Nun reagiert die SPÖ auf die vielfach diskutierten Clips. In einem satirischen Video zeigen sie die ÖVP-Zentrale in der Lichtenfelsgasse als "Ort geprägt von Chaos und Korruption sowie unethischer Machenschaften", in der "kriminelle Aktivitäten lange Tradition" hätten – mittendrin die Wiener.
In dem Clip wird auch mit "Passanten" wie dem "Wutimker aus Simmering", "Franziska aus Tirol" oder der Favoritnerin "Amalia" gesprochen. Männer in Anzügen würden Frauen nachpfeifen, von "steuerbaren Frauen" sprechen, man fühle sich nicht wohl, erzählen die Protagonisten.

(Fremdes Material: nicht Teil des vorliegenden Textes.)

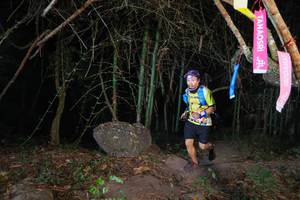 BIB: 192
                            <button type="button" onclick="openModal(6871637)" class="btn btn-primary btn-sm float-right btn-popup" data-toggle="modal" data-target=".modal-high-quality">
                        <i class="fas fa-shopping-cart"></i> Add to Cart
                    </button>
                                            <button type="button" onclick="isThisMe(6871637, true)" class="btn btn-success btn-sm float-right btn-popup btn-isme hidden" data-toggle="tooltip" data-placement="bottom" title="นี่คือรูปของคุณใช่ไหม คลิกที่นี่เพื่อเอาเข้าอัลบั้ม">
                        <i class="fas fa-plus"></i> Add to album
                    </button>
                    <button type="button" onclick="isThisMe(6871637, false)" class="btn btn-warning btn-sm float-right btn-popup btn-isnotme hidden">
                        <i class="fas fa-ban"></i> Remove from album
                    </button>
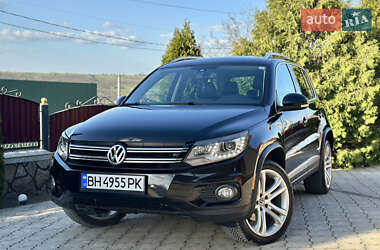 Позашляховик / Кросовер Volkswagen Tiguan 2012 в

Es sei "gefährlich", nachts könne einem immer jemand "einen Geldkoffer in die Hand drücken."
Eine "Anrainerin" berichtet, mittlerweile wieder in Favoriten zu wohnen: "Hier bellen Hunde, Kinder weinen, es gibt Razzien, die Polizei kommt", sagt sie." Ein anderer Befragter erzählt von seiner Großmutter, die nach einem Besuch zehn Sparbücher mitbrachte: "Für ältere Damen ist es hier nicht mehr sicher", sagt er.